Aufrichtigkeit im Kapitalismus

Lüge als Prinzip

Wir alle lügen - zuhause, im Freundeskreis, im Beruf - ununterbrochen. Das Thema Lüge fasziniert den deutschen Soziologen Wolfgang Engler so sehr, dass er sich nun in einem ambitionierten Buch damit auseinandersetzt.

Der ehemalige Burgtheaterdirektor Ernst Haeusserman hat einmal gesagt, für jeden komme die Stunde der Wahrheit, dann heiße es lügen, lügen und nochmals lügen. Diese kleine Anekdote bringt ganz gut auf den Punkt, worauf es in einer gesellschaftlichen Konstellation, die nach den Regeln des Wettbewerbs funktioniert, ankommt.

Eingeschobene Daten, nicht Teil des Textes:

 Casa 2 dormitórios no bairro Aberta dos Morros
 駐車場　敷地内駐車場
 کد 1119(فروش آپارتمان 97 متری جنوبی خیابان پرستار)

Authentisch sein, sich selbst verwirklichen, bei sich und wahrhaftig sein, das kann man in den Nischen des Privaten - sofern diese nicht auch schon nach dem Muster des öffentlichen Lebens, das heißt: nach den Regeln des Marktes gestaltet sind. Abseits des Privaten, also im Beruf, im Umgang mit Institutionen, ganz allgemein im gesellschaftlichen Kontext, kommen wir ohne Strategien, ohne eine gewisse Anpassung, ohne Kompromissfähigkeit nicht allzu weit. Wir müssen uns, wie es gemeinhin heißt, möglichst gut verkaufen. Wir müssen also, um es streng zu formulieren, lügen.

Historische Diskurse

Wir haben, meint Wolfgang Engler, die Lüge zum Prinzip gemacht. Oder vielmehr: der Kapitalismus hat uns dieses Prinzip aufgezwungen. Nun ja, könnte man sagen, das klingt recht markig, bedeutet aber nicht viel. Natürlich sind wir nicht prinzipiell amoralisch, bloß weil wir nicht ununterbrochen aufrichtig sind. Abgesehen davon ist "der Kapitalismus" ein Mythos. Jedes System ist beweglich und vielgestaltig. Verantwortlich für moralische Verwerfungen ist der Einzelne innerhalb dieses Systems.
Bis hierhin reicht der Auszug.